A good estate plan can include both a will and a health care directive. Your will names the beneficiaries of your estate, and your health care directive provides clear instructions to your medical team regarding your treatment wishes.

Yes. According to Maine’s Health Care Decisions Act, your out-of-state advance directives are valid in Maine if they comply with the laws of the state where you created them.

However, if you have recently relocated, it may be time to review your advance directives. State laws are subject to change, so it’s a good idea to create advance directives that are tailored to current Maine law. You can create an attorney-approved Maine health care directive with FindLaw in as little as 30 minutes. You don’t even need to leave the comfort of home to do so.

No, you are under no obligation to create a health care directive or to name a health care agent. Under Maine law, your health care providers cannot require or prohibit advance directives as a condition of treatment.

Although you do not have to create advance directives, you may want to. With a health care directive, you can make your own health care decisions in case you ever become unable to make them for yourself at some point in the future. This helps to ensure that you don’t receive future treatments you do not want. It can even prevent strife among loved ones who may have conflicting opinions about your medical treatments.

If you name a health care agent through a POA, this person will have broad powers over your medical decisions unless you limit their authority. If you lose the capacity to give informed consent on treatment options, your health care agent’s duty is to carry out the terms of your advance directives.

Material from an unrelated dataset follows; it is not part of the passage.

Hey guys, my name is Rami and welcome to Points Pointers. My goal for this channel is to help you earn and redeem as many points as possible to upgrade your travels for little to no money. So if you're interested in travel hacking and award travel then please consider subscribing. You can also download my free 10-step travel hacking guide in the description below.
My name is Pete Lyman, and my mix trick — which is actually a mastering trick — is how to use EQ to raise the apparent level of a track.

They will be able to make decisions about:

  • Hiring and firing medical professionals
  • Consenting to surgical treatments and tests
  • Providing or withholding life-sustaining treatment
  • Tests or procedures related to any physical or mental condition

For issues that are not covered in your advance directives, your health care agent’s duty is to make decisions that are in your best interests and that align with their understanding of your wishes and values.

Your health care agent will also have the ability to review your medical record and disclose your health care information to medical providers. When choosing your health care agent, you should choose the person you trust the most with this sensitive information. If you would like to limit their authority, you can make this clear in the power of attorney document.

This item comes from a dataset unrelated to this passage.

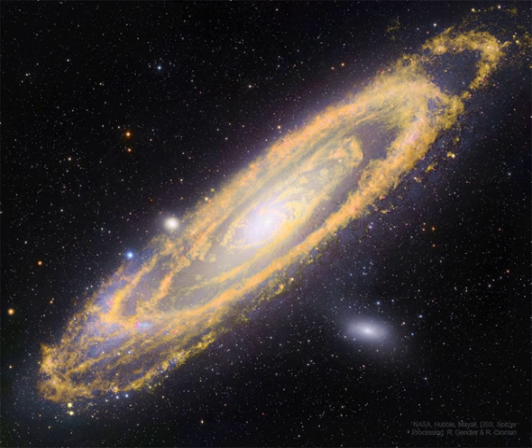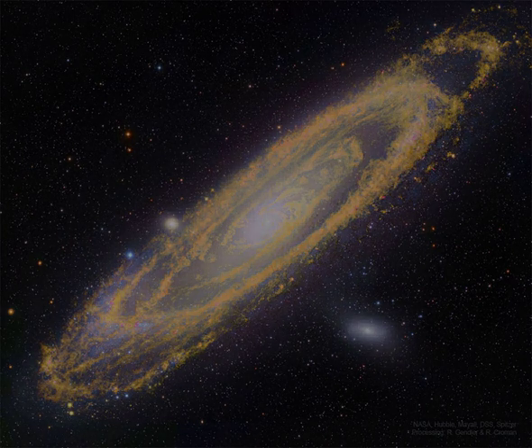Of course, the new stars will likely form over the next 100 million years or so. That's well before Andromeda merges.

Not entirely. A divorce does not revoke the choices in your health care directive. But if you named your former spouse as your health care agent, a divorce, separation, or annulment revokes this designation in Maine. The exception to this would be if the divorce decree or the POA document specify that the designation should survive divorce.

If you have gone through a divorce, it’s probably a good time to review your estate plan, including your advance directives. If your former spouse was your health care agent, you will likely want to change this designation. To do this, you can complete a new health care directive document that names another trusted person for this role.

You have the right to change or revoke your advance directives at any time that you have the mental capacity to do so. However, there are different requirements under Maine law depending on whether you are revoking a health care directive or the designation of an agent.

If you would like to revoke the designation of your health care agent in your POA, you must either do so in writing or by personally informing your health care provider.

You can revoke the instructions in your health care directive through any method that clearly conveys your intention to revoke. This could include burning, tearing, or otherwise physically destroying your health care directive. It could also include a verbal statement. But it’s best to create a written record of your revocation if possible.

After you have revoked your advance directives or created new ones, you need to inform the right people of the changes. You should tell your health care agent, your medical providers, and your loved ones that your wishes have changed. You should then provide them with copies of your updated advance directives so that they have a record of your wishes.